I’ve been twiddling with the Ideapad’s sidebar to make it more intuitive and useful. Outbound links are now organized by function: written, fed, and connected, more or less. Timely Demise now has a home over there, where it belongs. (TD is turning into a great little blog, too; I encourage you to visit.)
Next up is a long-contemplated overhaul of the home page, which will probably resemble the Ideapad sidebar, since the themes of this era are connectedness and, er, publishing in six or seven different places. At least they’ll be easy to find.
Category: netwert (Page 3 of 3)
The Ideapad quietly celebrated its tenth anniversary Saturday. It debuted on November 1, 1998, a journal of pithy notes and observances buried within an early version of the personal website, shortly after I purchased my own vanity domain.
Over the years, this page has been chronicle and witness to an eventful stage of my life. I’ve used this space to write about looking for love, falling in love, getting a dog, getting married, having a child. I’ve journaled my travels across three continents–indeed, this page is older than my passport. I’ve gotten incredible new jobs, lost jobs, tried my hand at jobs, written about others finding jobs. The common thread for all of it has been the blog.
Thanks in part to the Ideapad, I’ve been published elsewhere, on websites and in books and, not least, in Metropolitan Diary in the New York Times. I’ve taught classes, sat on panels, and spoken at industry events from Manhattan to London. I’ve landed jobs with the help of this blog and been reprimanded by employers (twice) for it.
The page has seen its share of failures. I once posted about a waning interest in writing and promptly lost half my audience. I tried and failed in 2003 to heed some smart advice to do blog consulting; a year later, David Jacobs’s Apperceptive hit a home run with it. I never monetized my site or springboarded into full-time blogging, which bothers me more than a little, since I suspect I could have done quite nicely at it, and perhaps still could, if I were able to post four times a day instead of four times a week. All misses.
And yet. With this site I’ve done more than I ever expected. I’ve met new people, made friends, entertained a multitude of readers (hi, Mom) and satisfied my creativity a thousand times over. I’ve had people call me famous, call me crazy, call me Netwert. I participated in history when I used the Ideapad to communicate with the world on 9/11, and the lone post by someone other than me, a hard-hitting recollection of that day, became a historical must-read that still gets thousands of page views monthly.
Somehow, mostly by circumstance, this page has become one of the longest continually published personal sites on the Internet. I share this accomplishment with a fair number of other weblogs that debuted in 1998, the authors of whom became my peers, simply out of kinship; to this day I read their blogs, and now their RSS and Twitter feeds, sharing the past and present with the people who helped create the blog phenomenon.
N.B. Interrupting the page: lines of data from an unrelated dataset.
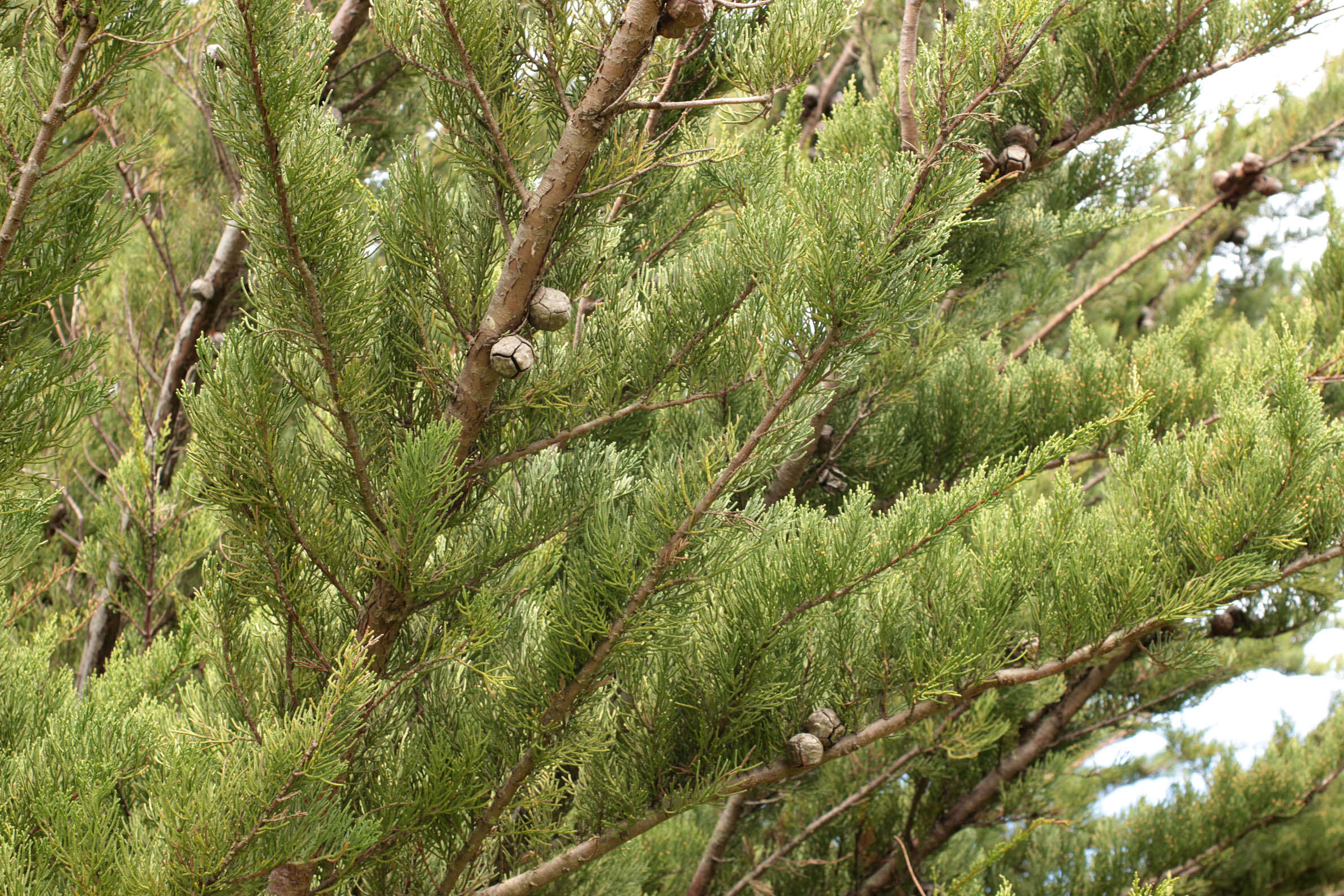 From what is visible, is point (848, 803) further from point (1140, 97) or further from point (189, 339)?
point (189, 339)

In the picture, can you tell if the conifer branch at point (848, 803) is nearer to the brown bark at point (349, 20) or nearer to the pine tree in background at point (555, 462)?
the pine tree in background at point (555, 462)

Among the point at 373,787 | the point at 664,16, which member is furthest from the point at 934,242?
the point at 373,787

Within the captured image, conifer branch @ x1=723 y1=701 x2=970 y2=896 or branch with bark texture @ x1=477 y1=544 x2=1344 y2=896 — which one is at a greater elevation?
branch with bark texture @ x1=477 y1=544 x2=1344 y2=896

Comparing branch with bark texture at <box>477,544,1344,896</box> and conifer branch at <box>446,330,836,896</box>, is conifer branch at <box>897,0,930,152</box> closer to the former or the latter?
conifer branch at <box>446,330,836,896</box>

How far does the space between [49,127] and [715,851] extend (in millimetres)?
2221

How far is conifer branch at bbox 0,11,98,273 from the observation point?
4.15 ft

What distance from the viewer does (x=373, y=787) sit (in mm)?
1650

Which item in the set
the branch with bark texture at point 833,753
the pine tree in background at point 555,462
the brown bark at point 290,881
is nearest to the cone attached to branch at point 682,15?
the pine tree in background at point 555,462

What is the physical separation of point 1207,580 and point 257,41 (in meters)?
1.65

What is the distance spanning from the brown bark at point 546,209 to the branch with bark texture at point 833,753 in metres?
0.66

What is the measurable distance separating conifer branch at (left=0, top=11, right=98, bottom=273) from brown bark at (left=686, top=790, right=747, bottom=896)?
6.67ft

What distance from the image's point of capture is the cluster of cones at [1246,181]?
10.7 feet

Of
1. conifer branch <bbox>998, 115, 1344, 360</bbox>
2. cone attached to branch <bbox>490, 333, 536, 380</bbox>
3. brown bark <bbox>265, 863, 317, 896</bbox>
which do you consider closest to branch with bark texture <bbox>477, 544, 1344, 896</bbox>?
brown bark <bbox>265, 863, 317, 896</bbox>

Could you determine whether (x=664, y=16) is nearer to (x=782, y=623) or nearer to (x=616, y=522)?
(x=616, y=522) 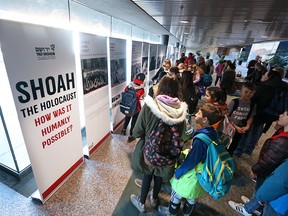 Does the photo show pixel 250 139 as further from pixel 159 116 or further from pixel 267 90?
pixel 159 116

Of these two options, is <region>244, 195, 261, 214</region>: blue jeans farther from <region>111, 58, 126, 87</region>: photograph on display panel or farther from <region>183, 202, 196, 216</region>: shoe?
Answer: <region>111, 58, 126, 87</region>: photograph on display panel

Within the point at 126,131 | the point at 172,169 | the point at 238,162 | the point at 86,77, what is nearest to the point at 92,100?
the point at 86,77

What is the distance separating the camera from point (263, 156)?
4.95ft

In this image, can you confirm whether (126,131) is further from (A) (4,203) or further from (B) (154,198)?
(A) (4,203)

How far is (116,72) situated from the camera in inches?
128

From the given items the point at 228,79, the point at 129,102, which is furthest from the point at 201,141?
the point at 228,79

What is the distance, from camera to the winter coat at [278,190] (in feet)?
3.71

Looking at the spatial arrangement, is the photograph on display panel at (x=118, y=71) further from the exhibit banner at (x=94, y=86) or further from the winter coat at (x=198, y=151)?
the winter coat at (x=198, y=151)

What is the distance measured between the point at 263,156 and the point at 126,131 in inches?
105

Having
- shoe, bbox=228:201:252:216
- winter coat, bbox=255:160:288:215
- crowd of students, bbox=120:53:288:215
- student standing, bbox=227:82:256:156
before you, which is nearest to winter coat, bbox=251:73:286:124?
crowd of students, bbox=120:53:288:215

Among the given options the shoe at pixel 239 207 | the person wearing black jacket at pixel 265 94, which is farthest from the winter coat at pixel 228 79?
the shoe at pixel 239 207

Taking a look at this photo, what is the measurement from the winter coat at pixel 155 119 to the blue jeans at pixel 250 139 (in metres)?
2.08

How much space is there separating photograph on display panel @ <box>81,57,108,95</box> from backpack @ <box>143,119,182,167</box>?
4.72 feet

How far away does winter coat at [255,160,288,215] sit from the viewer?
3.71ft
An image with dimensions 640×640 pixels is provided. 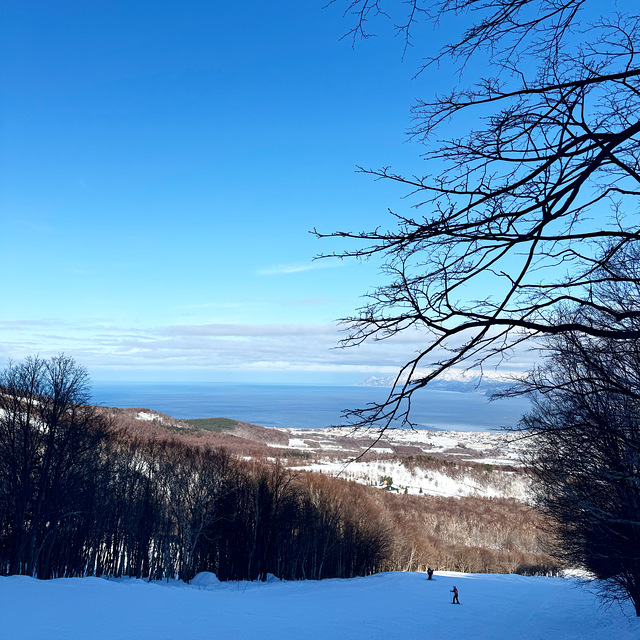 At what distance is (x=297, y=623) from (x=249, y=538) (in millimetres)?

I have come to realize this site helps define me. The observances and wisecracks and personal notes that live here represent my interests, life and career. I am pleased and proud that, ten years on, the Ideapad is still here, with the same name and URL as when it began. A scan through the archives presents a unique viewpoint on my life, as written for–seen by–a blog. I look forward to whatever it watches me do next.
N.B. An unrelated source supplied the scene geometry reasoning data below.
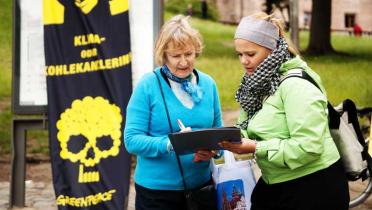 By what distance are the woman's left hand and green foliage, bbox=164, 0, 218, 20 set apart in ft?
110

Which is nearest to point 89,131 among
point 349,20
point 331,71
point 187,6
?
point 331,71

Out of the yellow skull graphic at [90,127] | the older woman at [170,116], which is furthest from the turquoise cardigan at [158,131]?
the yellow skull graphic at [90,127]

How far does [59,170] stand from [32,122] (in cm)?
67

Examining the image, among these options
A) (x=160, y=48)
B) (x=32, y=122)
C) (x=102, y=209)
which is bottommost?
(x=102, y=209)

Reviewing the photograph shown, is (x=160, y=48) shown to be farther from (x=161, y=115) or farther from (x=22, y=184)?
(x=22, y=184)

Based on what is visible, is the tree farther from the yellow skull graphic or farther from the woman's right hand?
the woman's right hand

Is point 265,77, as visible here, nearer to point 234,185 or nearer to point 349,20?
point 234,185

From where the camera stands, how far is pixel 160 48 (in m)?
3.48

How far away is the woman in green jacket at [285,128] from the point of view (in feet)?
10.1

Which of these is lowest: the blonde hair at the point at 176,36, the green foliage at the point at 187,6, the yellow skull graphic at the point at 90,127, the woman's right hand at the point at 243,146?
the yellow skull graphic at the point at 90,127

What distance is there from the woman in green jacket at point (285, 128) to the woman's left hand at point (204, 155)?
0.55ft

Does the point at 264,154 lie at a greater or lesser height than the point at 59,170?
greater

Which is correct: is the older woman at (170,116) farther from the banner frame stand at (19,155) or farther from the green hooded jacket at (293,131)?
the banner frame stand at (19,155)

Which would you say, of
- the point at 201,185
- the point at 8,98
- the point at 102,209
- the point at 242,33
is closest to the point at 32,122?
the point at 102,209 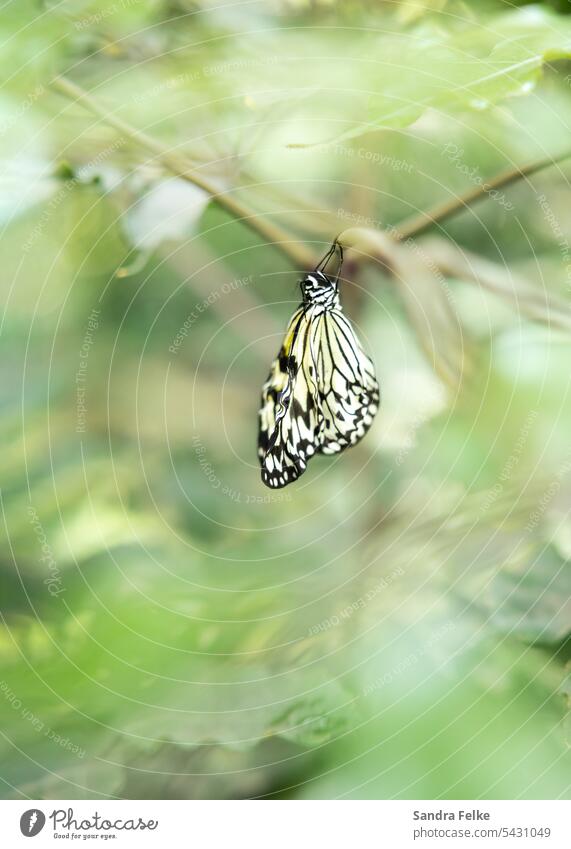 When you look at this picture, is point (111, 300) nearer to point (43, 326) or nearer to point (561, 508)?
point (43, 326)

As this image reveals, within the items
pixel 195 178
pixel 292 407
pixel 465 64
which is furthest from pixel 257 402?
pixel 465 64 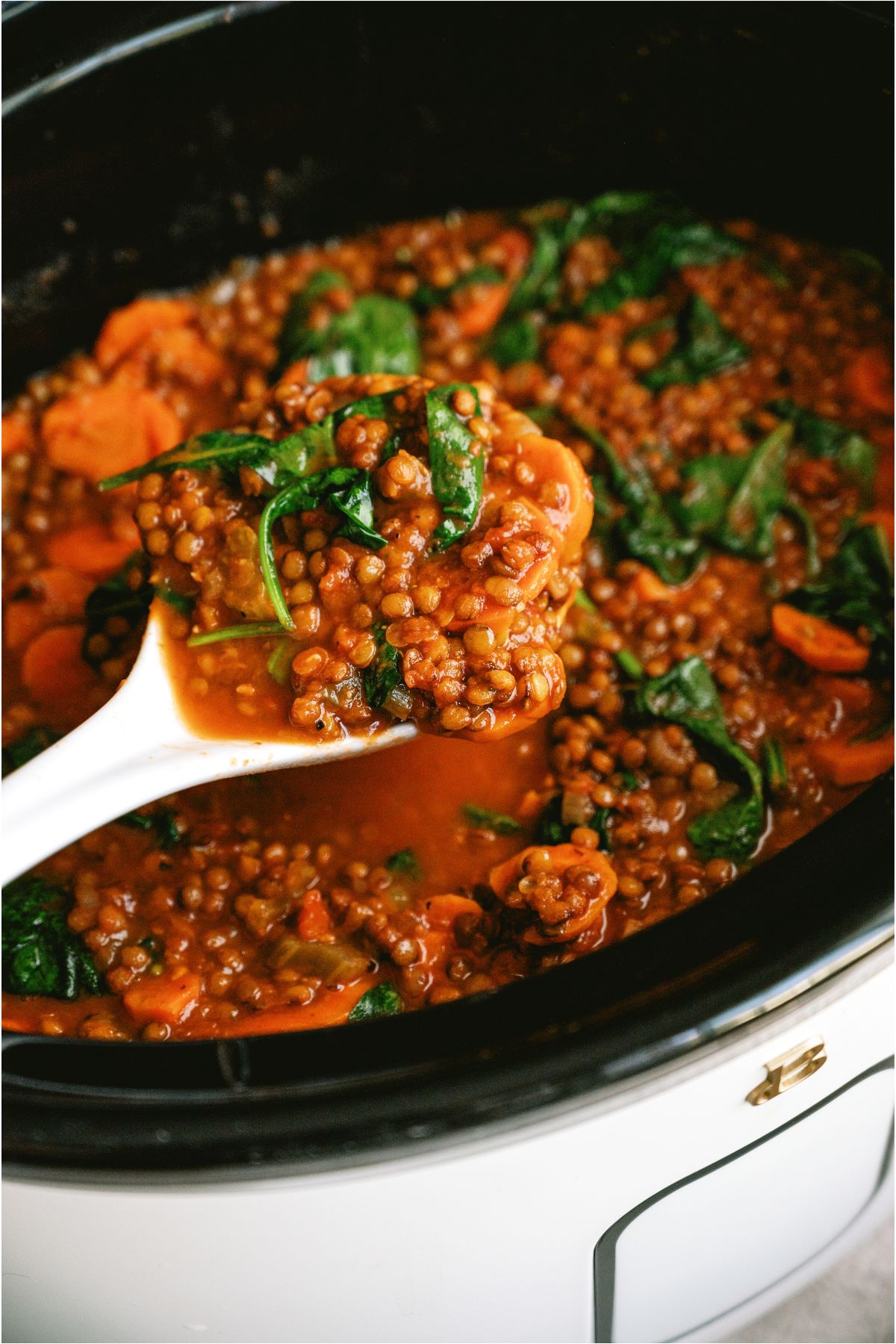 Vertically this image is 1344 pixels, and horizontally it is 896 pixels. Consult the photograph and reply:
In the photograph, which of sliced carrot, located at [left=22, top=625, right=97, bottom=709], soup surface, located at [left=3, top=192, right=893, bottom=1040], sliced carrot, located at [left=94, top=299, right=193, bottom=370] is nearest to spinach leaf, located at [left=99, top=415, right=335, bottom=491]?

Well! After years of running it without utilizing it I finally turned Movable Type into the publishing platform for the Ideapad. (Consider: this blog entry was originally dated January 10… talk about the cobbler’s kids having the worst shoes.) I now have comments, trackbacks and RSS, so I’m finally catching up to blog standards. Circa 2004 at the least.
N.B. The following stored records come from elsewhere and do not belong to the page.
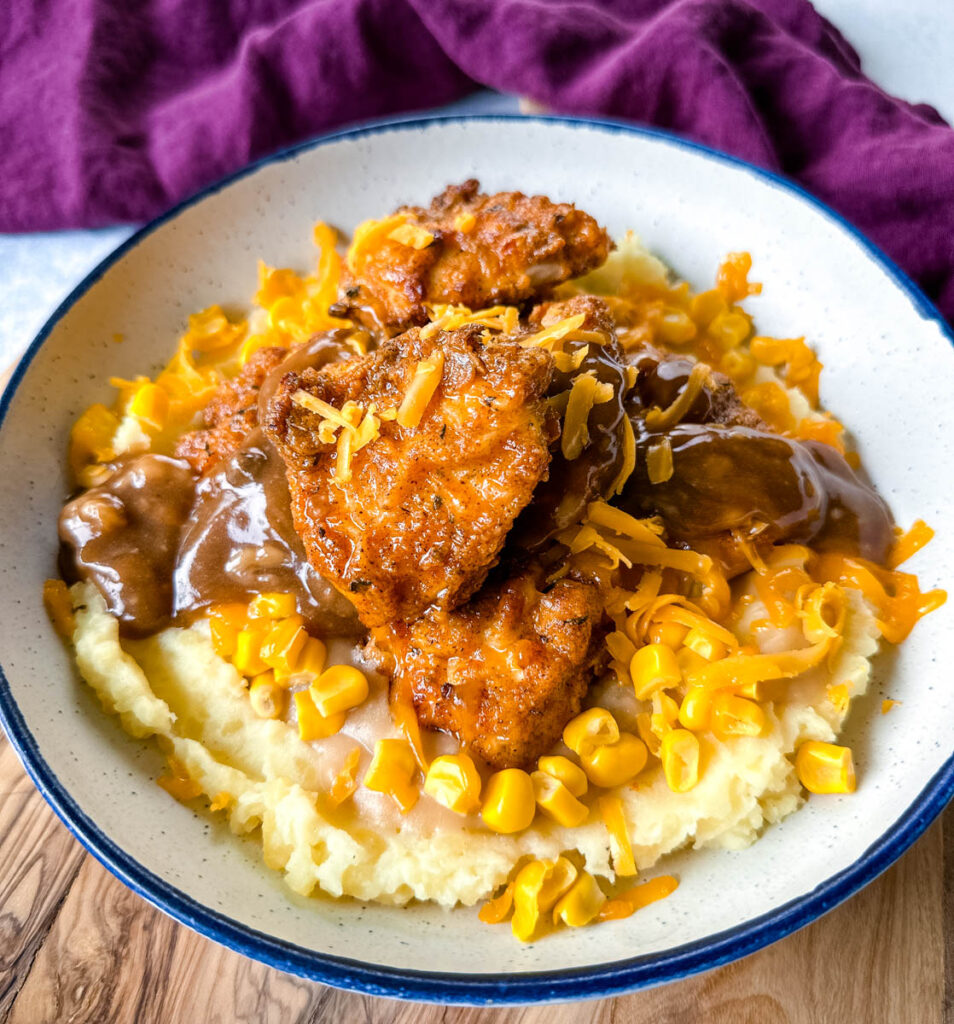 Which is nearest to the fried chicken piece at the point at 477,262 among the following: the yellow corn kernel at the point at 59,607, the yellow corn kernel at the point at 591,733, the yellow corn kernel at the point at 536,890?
the yellow corn kernel at the point at 59,607

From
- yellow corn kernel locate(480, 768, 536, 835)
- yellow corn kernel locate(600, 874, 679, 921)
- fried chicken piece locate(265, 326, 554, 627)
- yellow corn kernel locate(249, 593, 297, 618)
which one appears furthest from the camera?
yellow corn kernel locate(249, 593, 297, 618)

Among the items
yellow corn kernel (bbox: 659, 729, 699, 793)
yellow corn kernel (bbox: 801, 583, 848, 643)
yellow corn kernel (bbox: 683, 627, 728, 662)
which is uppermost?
yellow corn kernel (bbox: 801, 583, 848, 643)

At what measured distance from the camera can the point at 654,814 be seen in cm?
359

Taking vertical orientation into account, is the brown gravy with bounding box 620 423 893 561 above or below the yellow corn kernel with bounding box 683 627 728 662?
above

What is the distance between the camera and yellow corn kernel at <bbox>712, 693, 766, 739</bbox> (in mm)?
3600

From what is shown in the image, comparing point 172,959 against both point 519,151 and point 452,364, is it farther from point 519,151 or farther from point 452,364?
point 519,151

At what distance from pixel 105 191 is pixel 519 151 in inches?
107

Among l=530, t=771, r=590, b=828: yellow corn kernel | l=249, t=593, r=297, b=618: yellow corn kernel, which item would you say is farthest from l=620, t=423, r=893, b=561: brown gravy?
l=249, t=593, r=297, b=618: yellow corn kernel

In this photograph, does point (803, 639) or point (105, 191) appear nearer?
point (803, 639)

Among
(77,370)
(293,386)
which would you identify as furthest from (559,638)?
(77,370)

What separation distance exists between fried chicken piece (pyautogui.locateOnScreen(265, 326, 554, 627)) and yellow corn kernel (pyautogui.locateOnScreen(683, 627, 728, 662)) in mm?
955

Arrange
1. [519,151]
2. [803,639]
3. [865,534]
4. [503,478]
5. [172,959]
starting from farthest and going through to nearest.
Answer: [519,151] → [865,534] → [803,639] → [172,959] → [503,478]

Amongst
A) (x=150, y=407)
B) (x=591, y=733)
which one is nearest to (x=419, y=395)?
(x=591, y=733)

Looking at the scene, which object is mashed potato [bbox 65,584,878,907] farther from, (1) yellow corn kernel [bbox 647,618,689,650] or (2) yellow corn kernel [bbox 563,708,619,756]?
(1) yellow corn kernel [bbox 647,618,689,650] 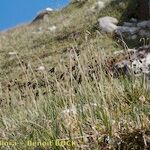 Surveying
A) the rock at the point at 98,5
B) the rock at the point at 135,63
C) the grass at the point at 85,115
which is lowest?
the grass at the point at 85,115

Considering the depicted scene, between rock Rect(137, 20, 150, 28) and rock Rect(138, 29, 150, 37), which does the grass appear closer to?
rock Rect(138, 29, 150, 37)

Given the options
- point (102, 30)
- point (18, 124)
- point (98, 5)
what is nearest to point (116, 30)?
point (102, 30)

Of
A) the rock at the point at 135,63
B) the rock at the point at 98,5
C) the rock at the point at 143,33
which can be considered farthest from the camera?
the rock at the point at 98,5

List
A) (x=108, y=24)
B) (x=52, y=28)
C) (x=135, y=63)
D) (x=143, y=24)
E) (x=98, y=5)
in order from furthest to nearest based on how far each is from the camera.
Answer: (x=98, y=5)
(x=52, y=28)
(x=108, y=24)
(x=143, y=24)
(x=135, y=63)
The foot-dragging was twofold: one, my coding skills aren’t what they used to be, so I had a hard time getting the design just right (you’ll notice that I went for “reasonable facsimile” here); and two, my coding interest isn’t what it used to be, so I needed some good downtime to wade back into the MT templates and get things sorted out. I believe all the basics, including del.icio.us cross-posting, are functional.
Next up is porting over some of the archives, enabling Digg, and reminding the blog aggregators that this site isn’t static after all.